Uh, the benefit is that, uh, it enhances data privacy and security sense. Raw data remains, um, on local devices, um, particularly, um, useful in healthcare and finance. Where sensitive data is, um, uh, prevalent are some of the applications here.
And, um, if you're looking into the, uh, future direction, you can expect greater adoption of this as, uh, privacy regulations tighten and trust in AI becomes, uh, paramount. Uh, the expansion of AI market facilitates easier access to, uh, AI tools and models, um, enabling, uh, en uh, enabling, uh, sharing and selling of AI models, data sets, and, uh, services, um, you know, form a collaborative, uh, platform. Uh, so lowering like the barriers for organizations to implement AI solutions, um, uh, is, uh, an innovation for acceleration.

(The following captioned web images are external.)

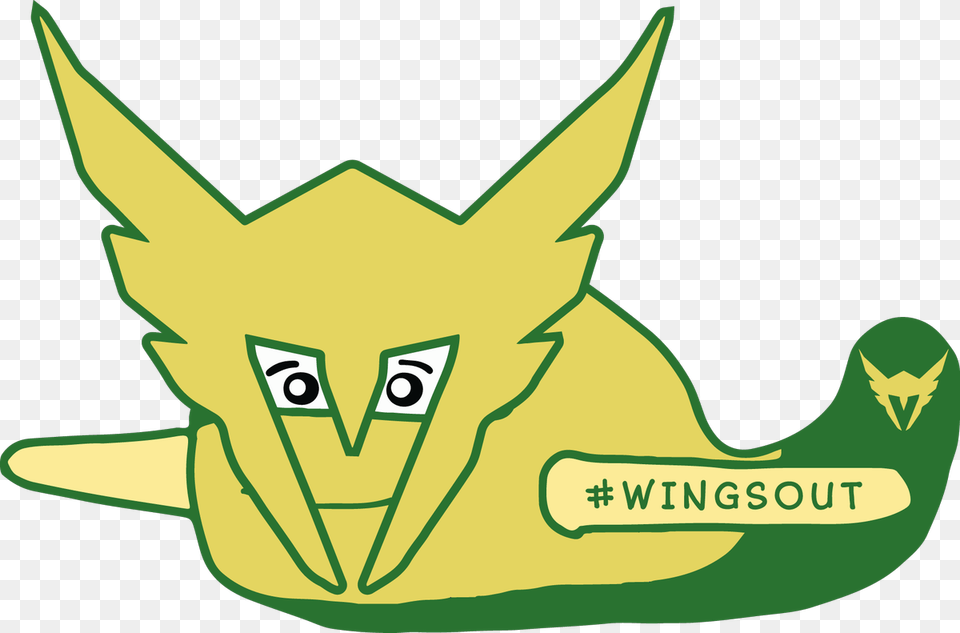 Regina Misstrusts On Twitter If It Has Wings It Flies, Green, Animal, Cat, Mammal Free Png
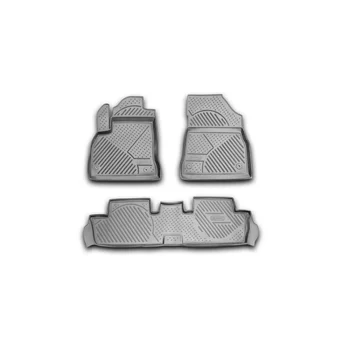 

Floor mats Peugeot 3008 08/2010-2016, 3 PCs (PU) (Peugeot)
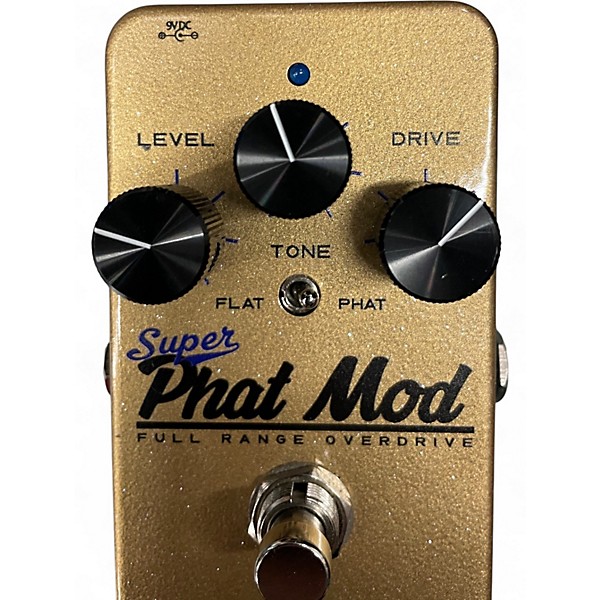 Used Keeley SUPER PHAT MOD Effect Pedal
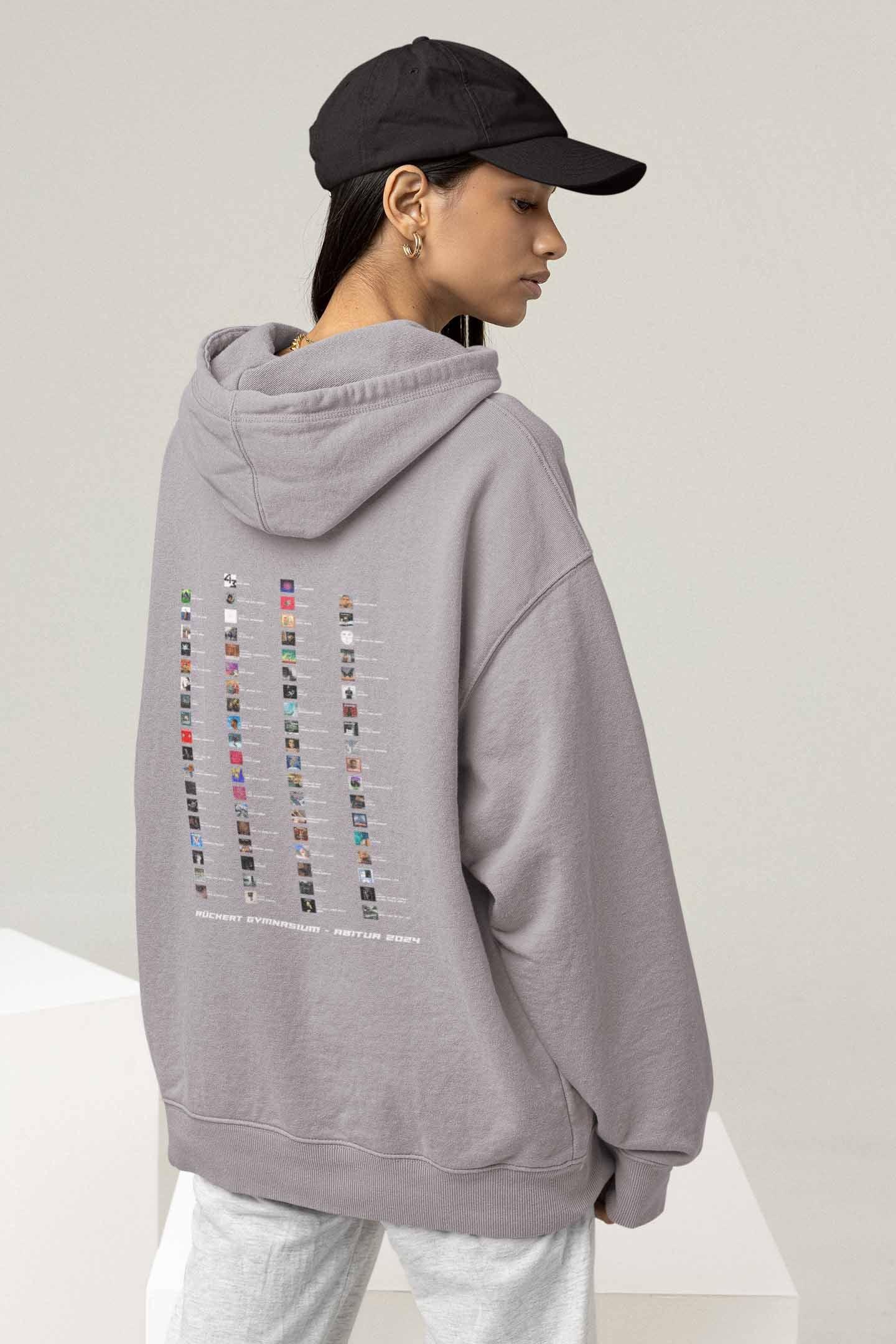 RGB Berlin Organic Extra Heavy Oversized Dropshoulder Hoodie (350GSM)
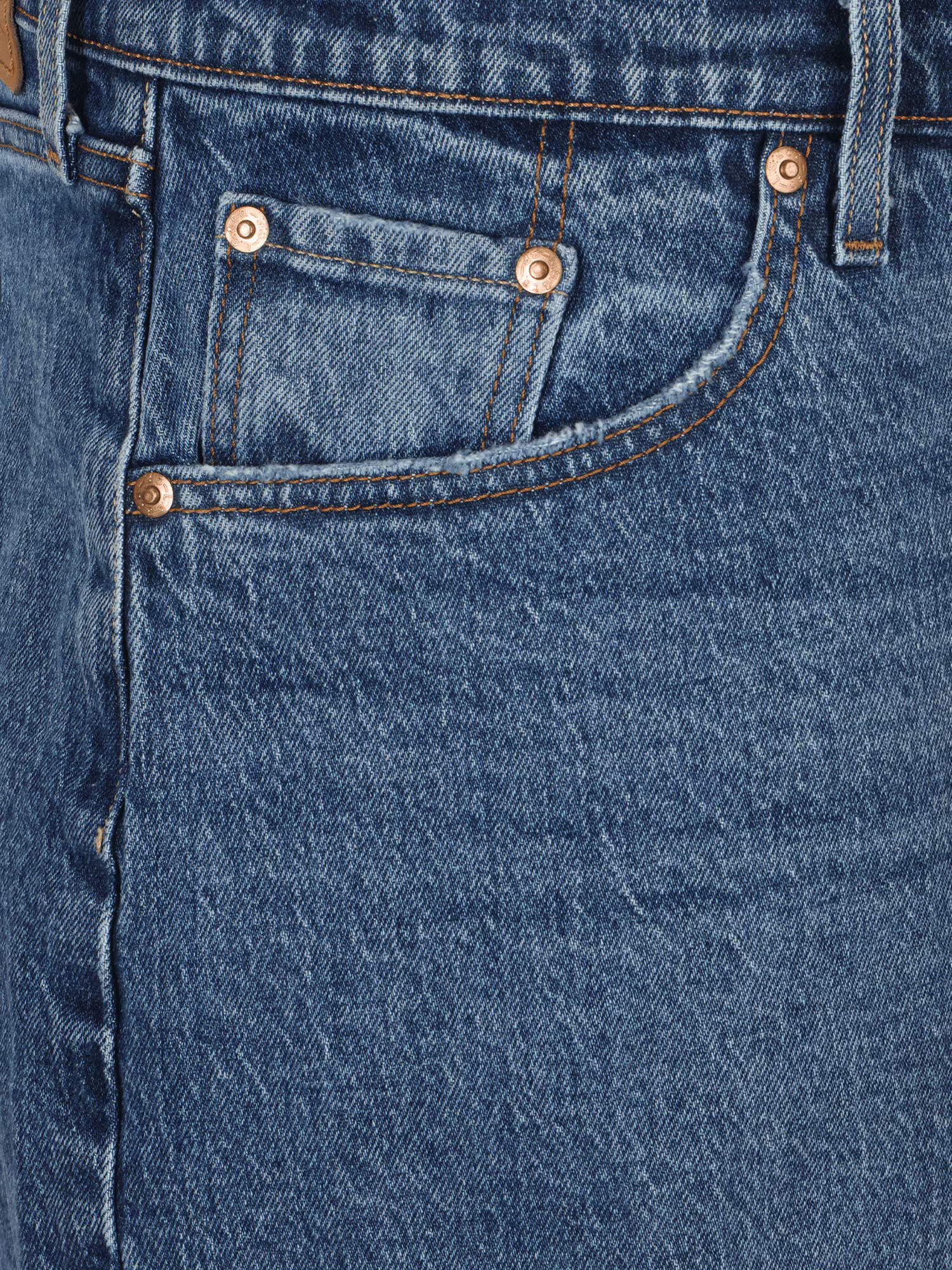 Levi's® Plus Sukňa modrá denim - Pepit.sk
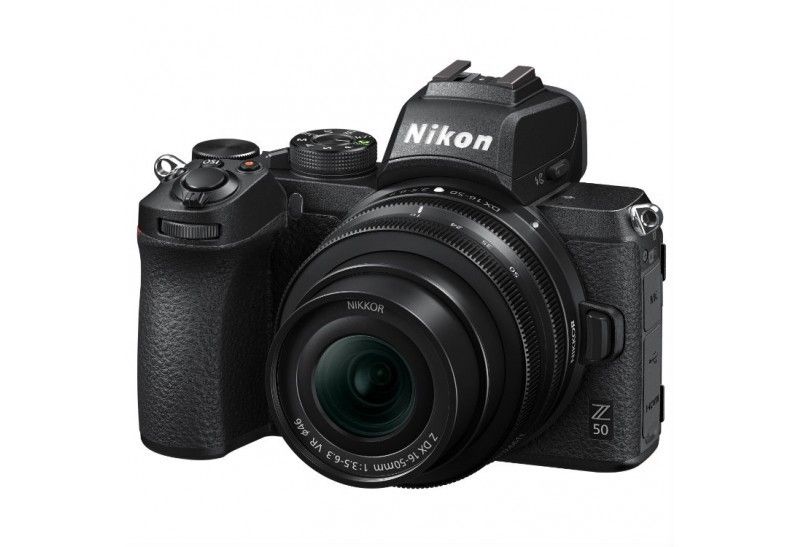 nikon z 50 ontvangt eisa award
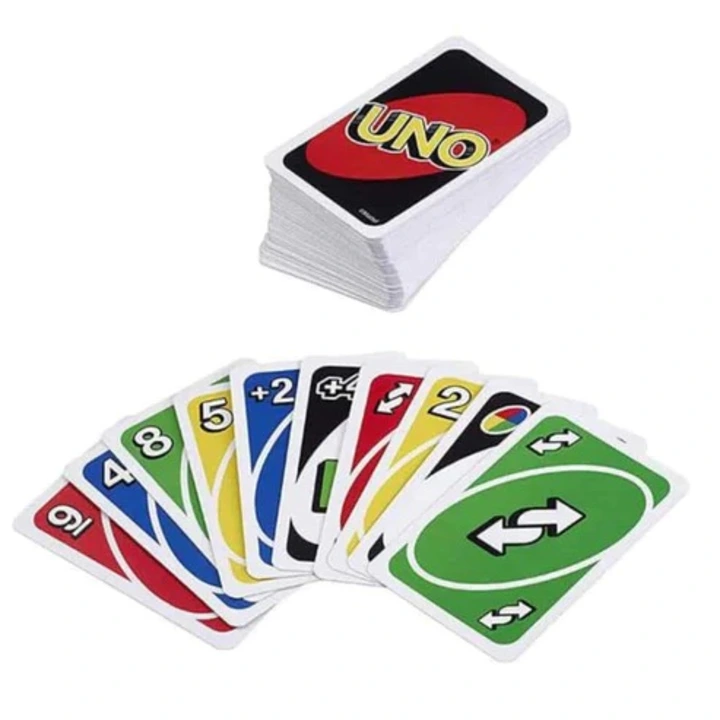 Uno cards (2 piece set) uploaded by Kidskart.online on 9/21/2023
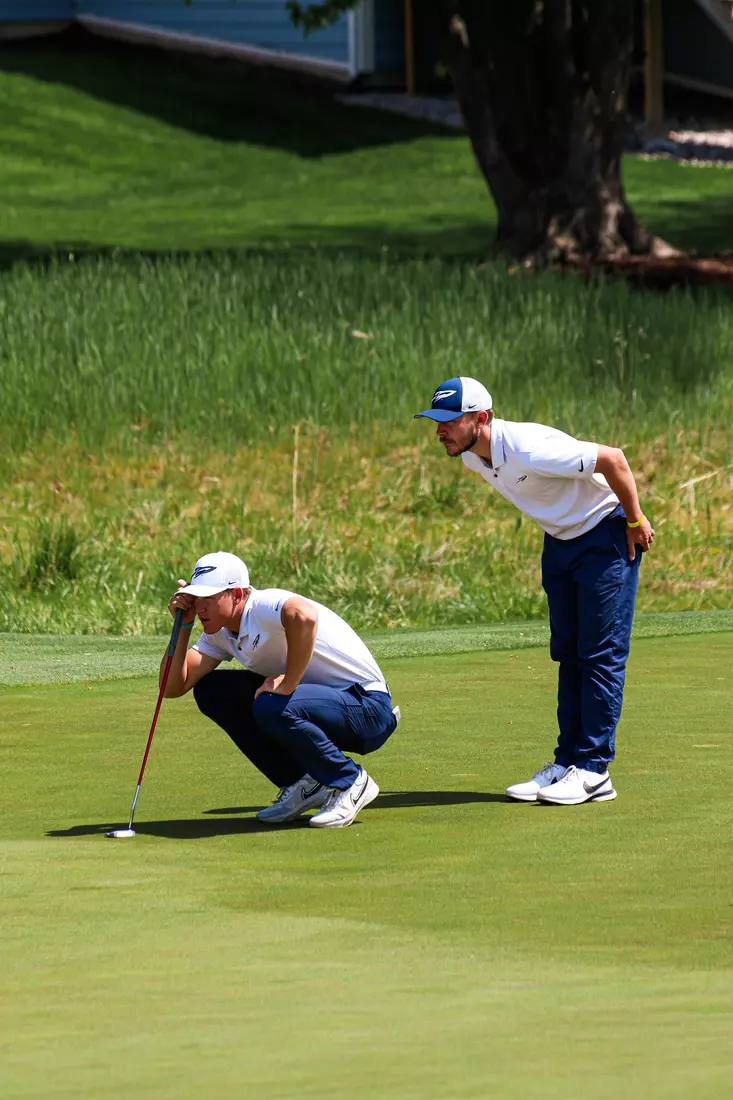 Barend Botha and Asst. Coach Kevin Kuhl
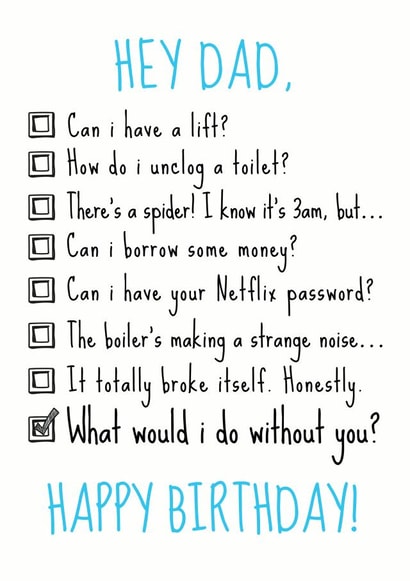 can lift Birthday Card 13951 created by Smudge & Splash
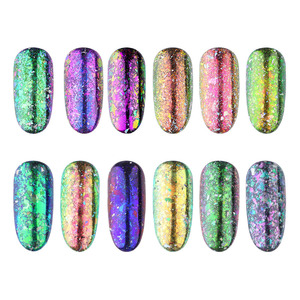 Ez Thương Hiệu Mới Phát Minh <span class=keywords><strong>2025</strong></span> Nail Ngâm Bột Bộ Thiết Kế Đẹp Cho Acrylic Móng Tay Bột Holographic Bột - Product Image 3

Um, uh, this helps foster a community of developers, uh, researchers and, uh, businesses. Um, so advanced, uh, hardware like, uh, quantum computing is, uh, beginning to intersect with AI as a service. Um, so quantum ai, uh, utilizes quantum computers to perform complex calculations faster than classical computers.
Um, the potential applications here are optimization, uh, problems, uh, complex, uh, simulations and cryptographic analysis. Um, so looking into the future for this, uh, this could revolutionize, uh, fields requiring immense, uh, computational power expanding, uh, capabilities of AI solution. Uh, so in summary, uh, while AI as a service, uh, uh, presents significant opportunities, it is important to navigate the challenges and stay informed about emerging, uh, trends.
Uh, addressing limitations like, uh, data quality, explainability, and, uh, compliance ensures responsible AI deployment. Uh, keeping an eye out on, uh, future, uh, trends allows organizations to remain, uh, competitive and leverage new advancements in AI technology. Um, as we continue to integrate AI into agile project management, being mindful of these, uh, factors will enable us, uh, to harness AI's full potential effectively and ethically.
Um, thank you. Uh, please feel free to reach out to me if you have any questions.